Film ten jest najsłabiej zrobioną częścią oryginalnej trylogii, ale mimo to bardzo mi się
podobał. Może zacznijmy od początku:
Atak imperium na Rebeliantów bardzo mi się podobał, już na początku widać grozę filmu, oraz
wytwarza się świetny mroczny klimat. Następnie podróże C3PO i R2D2 z czasem nudziły, a już
na pewno było ich za dużo. Spotkanie Luka z Obi-Wanem, ok, ale czemu Obi-Wan "nie
pamiętał, aby miał robota"? Przecież w epizodach I-II to on był właścicielem R2D2. Ogólnie film
się strasznie dłużył, przez co momentami nudził. Nie było w nim zbyt wiele akcji(poza atakiem
imperium na początku filmu i ludźmi pustyni, co raczej nie powalało). Akcja zaczęła się rozwijać
dopiero ok 40 minuty, kiedy to Luke, Obi-Wan i droidy przyjechali na (Naboo?). Sceny w barze,
czyli atak na Luke'a, oraz Solo vs Greedo, był naprawdę świetne, potem atak szturmowców
również. Za to ok 1h z minutami akcja zaczęła mknąć do przodu. Na gwieździe śmierci było na
prawdę fajnie. Jedyne co mi się nie podobało to ta cała walka Obi-Wana z Vaderem. Była ona
mało dynamiczna i bardzo słaba. Zniszczenie gwiazdy śmierci również nudziło. Zakończenie mi
się za to podobało.
Ogólnie rzec biorąc film jest świetny, z resztą jak całą saga, lecz mimo to jest to najsłabsza
część oryginalnej trylogii. Hm... jeśli miałbym wystawić ocenę to byłaby to... 8/10
"Spotkanie Luka z Obi-Wanem, ok, ale czemu Obi-Wan "nie
pamiętał, aby miał robota"? Przecież w epizodach I-II to on był właścicielem R2D2" - To jest właśnie efekt tego, że te trylogie zostały nakręcone w odwrotnej kolejności. Można próbować wytłumaczyć to tym, że Obi wan nie chciał Luke'owi mówić o tym wszystkim co stało się z Anakinem i dlatego powiedział, że nie miał robota.

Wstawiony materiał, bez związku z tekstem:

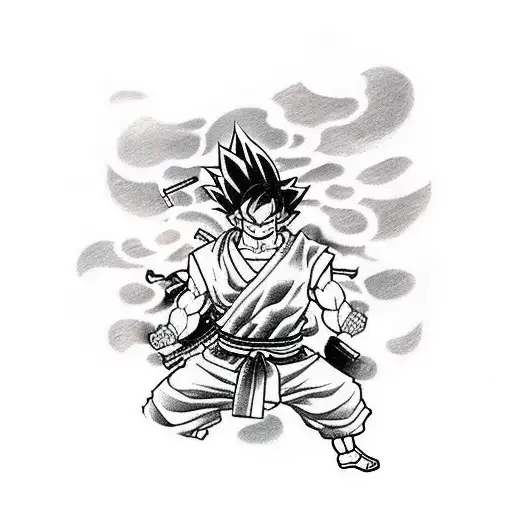 Son Goku in Samurai tattoo design idea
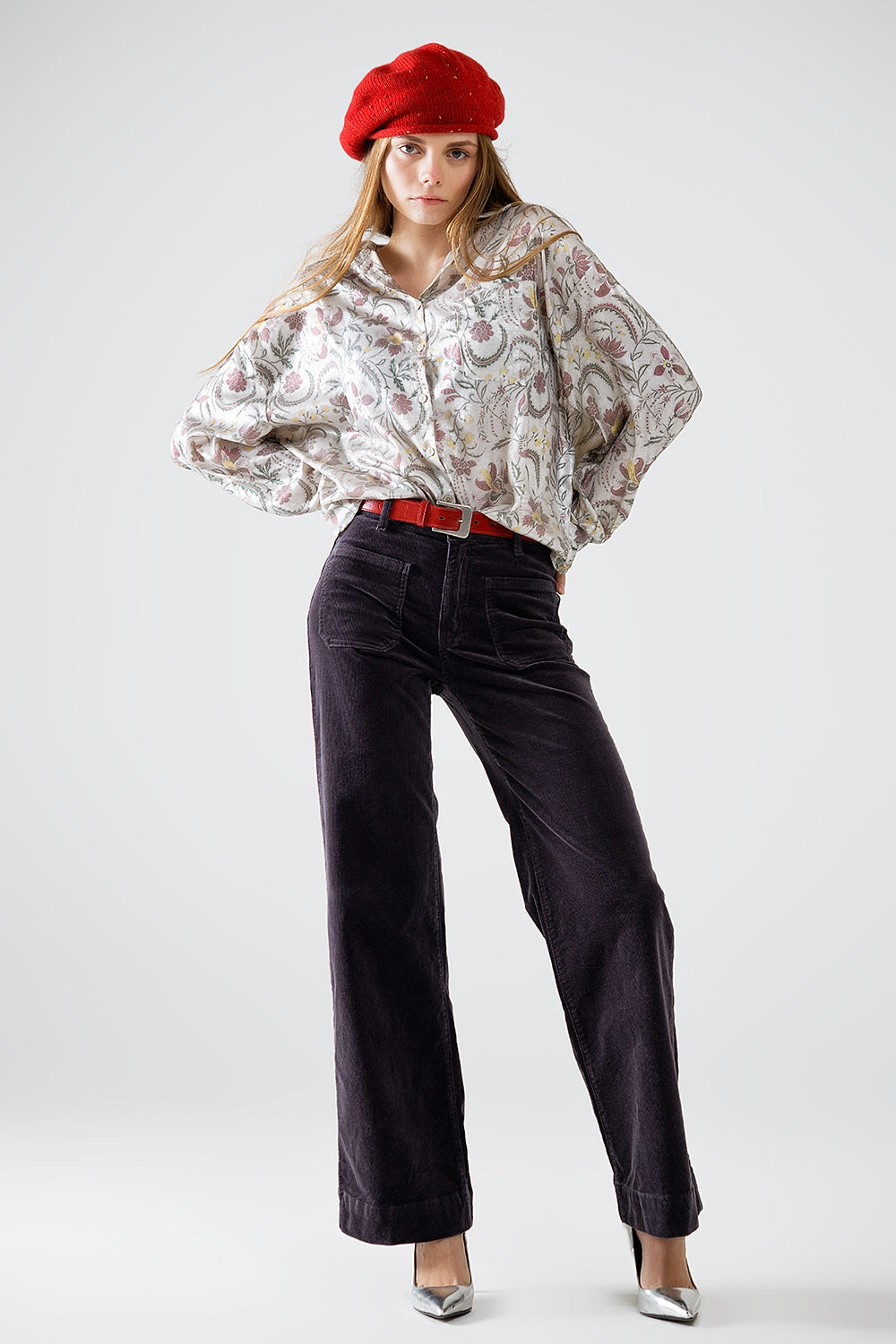 Jeans a gamba tesa in velluto a coste grigio scuro con tasche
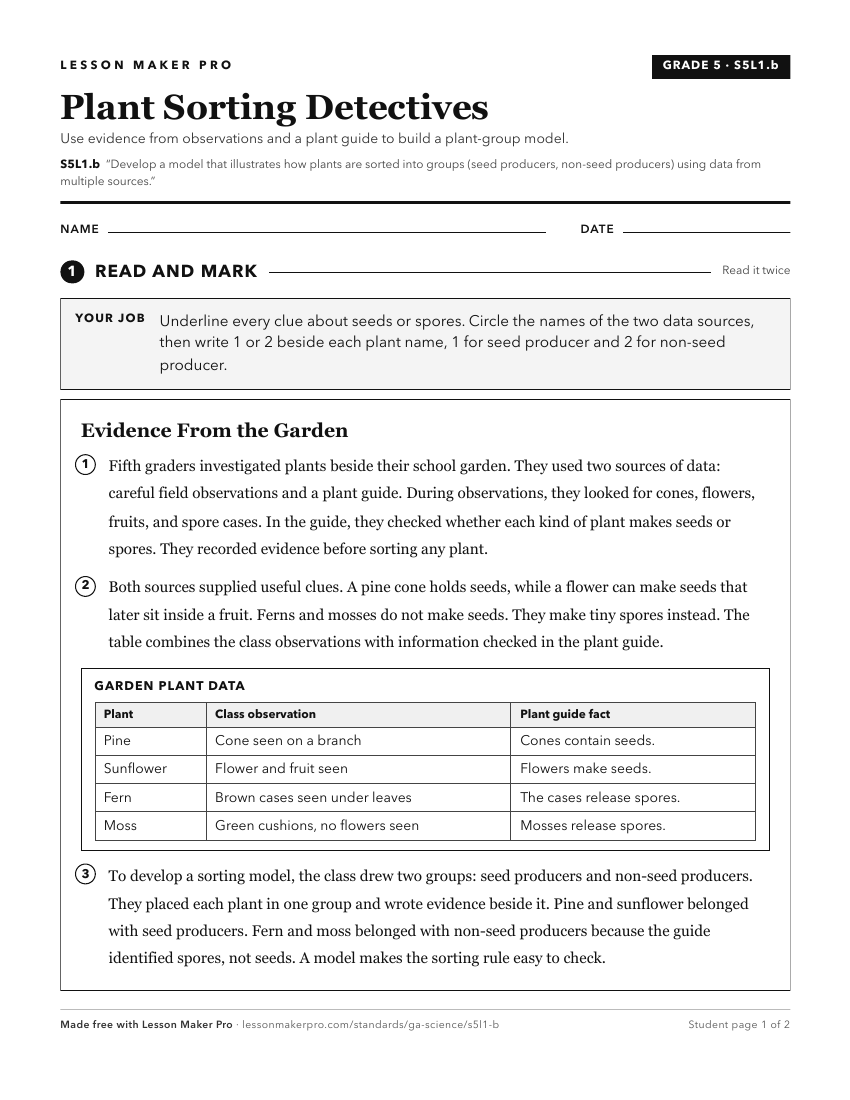 Preview of the S5L1.b printable worksheet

"Jedyne co mi się nie podobało to ta cała walka Obi-Wana z Vaderem. " - Jednak trochę latek upłynęło od premiery :-) Nie mieli wtedy animacji komputerowej... Ale jak patrzę na niektóre współczesne filmy, pełne nienaturalnych efektów specjalnych to nawet nie żałuję...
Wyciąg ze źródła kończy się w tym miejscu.